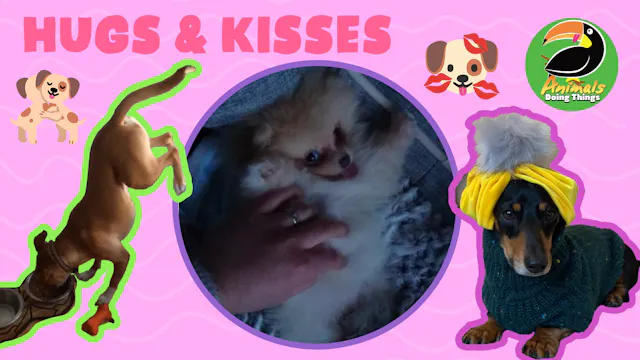Animals Doing Things | Hugs & Kisses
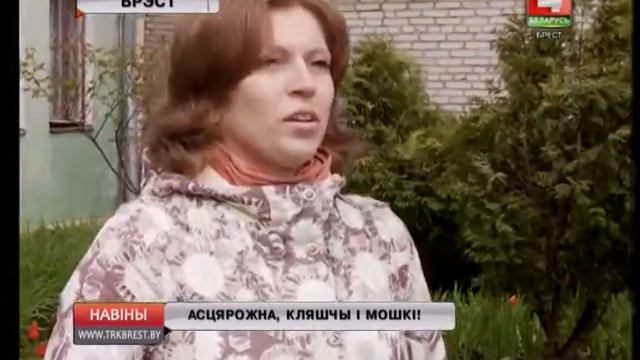 АСЦЯРОЖНА, КЛЯШЧЫ І МОШКІ! (Відэа) смотреть онлайн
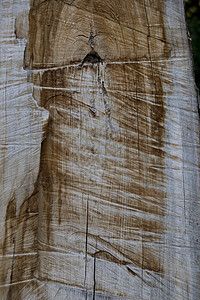 剪切木材背景森林效果木材业微距树桩圆圈生长横截面材料纹理图片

• _YOUR INSTRUCTIONS_
Please write out all the data again word for word, but not the pictures.

• _TASK RESPONSE_
Animals Doing Things | Hugs & Kisses
 АСЦЯРОЖНА, КЛЯШЧЫ І МОШКІ! (Відэа) смотреть онлайн
 剪切木材背景森林效果木材业微距树桩圆圈生长横截面材料纹理图片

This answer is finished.